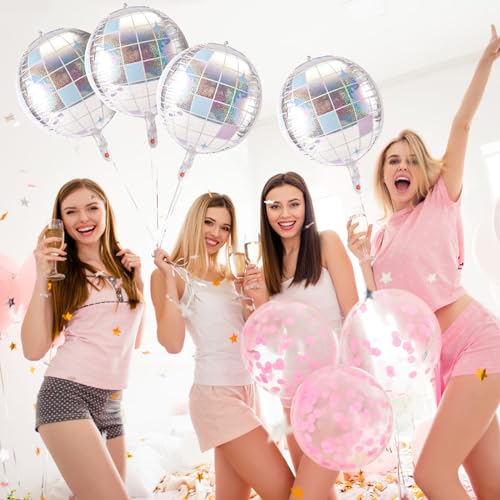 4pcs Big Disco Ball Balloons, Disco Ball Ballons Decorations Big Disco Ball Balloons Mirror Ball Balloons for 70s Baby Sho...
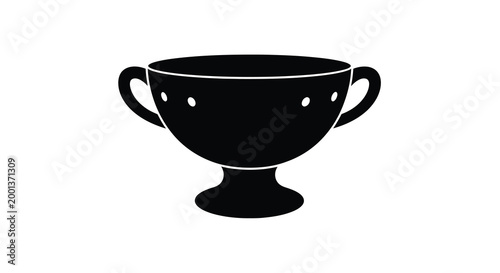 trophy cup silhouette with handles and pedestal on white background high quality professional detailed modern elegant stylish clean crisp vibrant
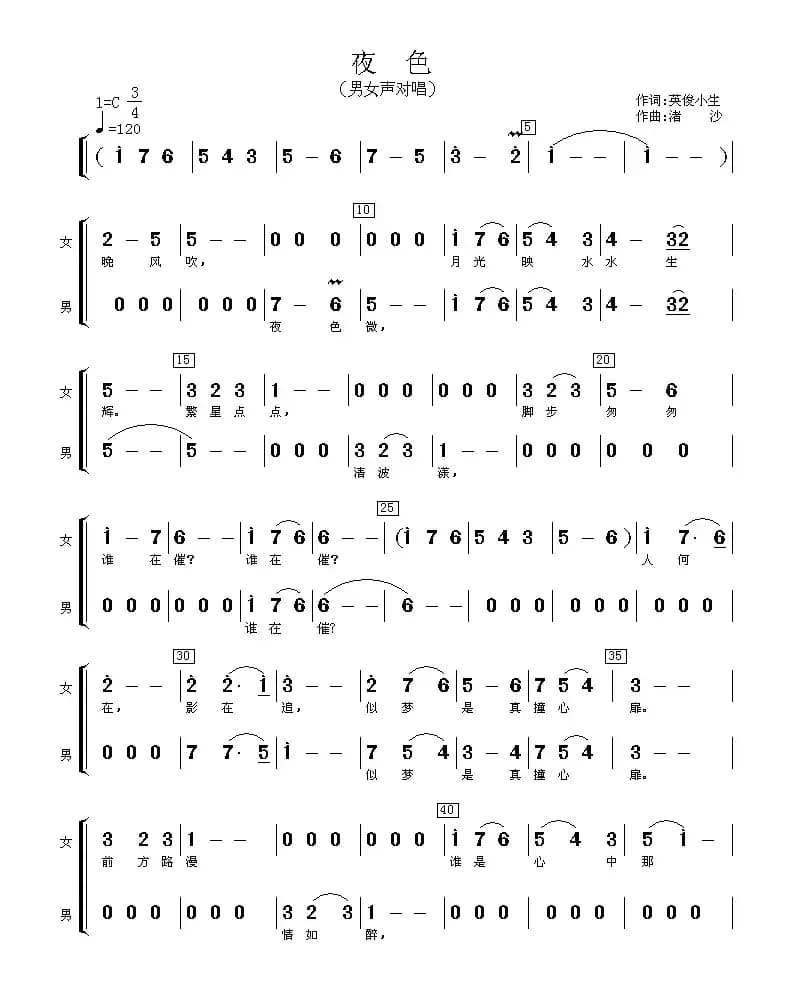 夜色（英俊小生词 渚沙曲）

########

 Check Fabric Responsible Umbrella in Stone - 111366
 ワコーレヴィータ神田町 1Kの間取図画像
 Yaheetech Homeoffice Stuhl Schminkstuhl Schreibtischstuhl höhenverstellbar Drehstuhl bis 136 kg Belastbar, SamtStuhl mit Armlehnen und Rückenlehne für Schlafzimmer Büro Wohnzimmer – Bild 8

########

» About this exercise
Output exactly, and only, the lines of the entries above from the one with "4pcs Big Disco" up to and including the one with "夜色（英俊小生词 渚沙曲）"; pictures are to be left out.

» Task solution
 4pcs Big Disco Ball Balloons, Disco Ball Ballons Decorations Big Disco Ball Balloons Mirror Ball Balloons for 70s Baby Sho...
 trophy cup silhouette with handles and pedestal on white background high quality professional detailed modern elegant stylish clean crisp vibrant
 夜色（英俊小生词 渚沙曲）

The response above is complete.